Although the protein targets of the CPLSs are unknown, analysis of the most similar plant proteins could reveal potential clues. A BLASTP search in the UniProt/SwissProt database shows that the most similar proteins to CPLSs are 3 subtilisins of Arabidopsis thaliana (O65351, O64495, Q9LLL8) and the Cucumisin of Cucumis melo (Q39547). Information about the interaction of the Arabidopsis subtilisins is available in the STRING database, but it is not available for Cucumisin. This database shows that O64495 is co-expressed with several proteins involved in the development of stomata, including AT1G63700, AT5G62230, AT1G80080, AT5G53210, AT3G06120, and others. The protein O65351 (ARA12) is predicted to interact with AT1G22300 and AT4G09000, 2 general regulatory factors. Gene Q9LLL8 is co-expressed with AT4G35350 and AT1G20850, which have peptidase activity and cysteine-type peptidase activity, respectively. The interaction and co-expression of these proteins could help to explain the role of CPLSs in the host and help to plan future studies. However, as we commented in Armijos Jaramillo et al., the subtilisins in plants have a variety of metabolic functions. Plant subtilisins with high percentage of sequence similarity to CPLSs are involved in varied, and sometimes unrelated biological process. The CPLS homologs in Arabidopsis are a good example of this phenomenon. Protein O65351 (ARA12) is essential for mucilage release from seed coats, whereas O64495 is involved in stomatal development and distribution, and Q9LLL8 is involved in negative regulation of catalytic activity. The functions of the CPLSs are not clear yet, but they could be involved in the mis-regulation or mimicry of any of those processes. Alternatively, novel functions might also be expected for CPLS.

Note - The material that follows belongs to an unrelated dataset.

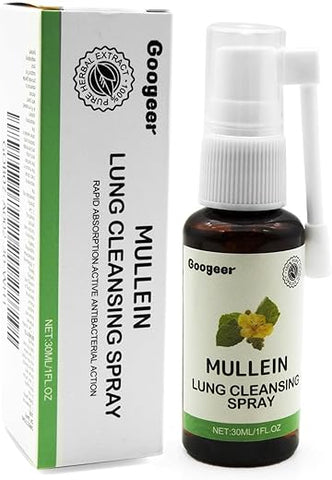 Setymoy - Spray de Limpeza Pulmonar de Mullein Extrato de Folha de Mullein Spray de Limpeza Pulmonar Herbal Extrato Puro Herbal (1 unidade)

CPLS are Unique to Colletotrichum

Our hypothesis is that the CPLS HGT event took place in an ancestor of the genus Colletotrichum. Therefore, CPLSs should be present in all of the extant species of Colletotrichum and absent in species outside the genus. We previously showed that the CPLSs are present in the genome sequences of all 3 species of Colletotrichum that were available at that time but absent in all other fungi. Recently, Gan et al., reported the presence of subtilisins, likely resulting from an HGT event, in the genomes of C. orbiculare (Cob 12233, Cob 06327) and C. gloeosporioides (CGGC5 2662), adding further support to our hypothesis. In addition, genome sequences for several more species of Colletotrichum have recently become available, enabling us to further validate our hypothesis. A BLAST search of the GenBank nr database revealed the presence of CPLS homologs in the genome of C. gloeosporioides Nara gc5 (GenBank accession numbers: ELA37268 and ELA38265). We also performed BLAST searches against the proteomes of 2 additional species of Colletotrichum (C. gloeosporioides 23 and C. fiorinae MH 18, http://www.jgi.doe.gov) and found that both species have CPLS homologs. A phylogenetic analysis (data not shown) shows that all of the putative CPLS homologs share common ancestry with the CPLSs identified in our previous report. This idea is consistent with our hypothesis of a plant protein that was transferred to an ancestor of the genus Colletotrichum. HGT events among eukaryotes are presumed to be rare, and we assume that those that we observe in populations, such as the CPLSs, have been fixed due to strong selective pressure. In the case of plant pathogenic fungi, such as Colletotrichum, horizontally transferred genes may have some role in pathogenicity, enabling the fungus to adapt to new hosts or enhancing its ability to colonize its host. Research is already underway which is aimed at determining whether CPLSs have a role in pathogenicity in Colletotrichum.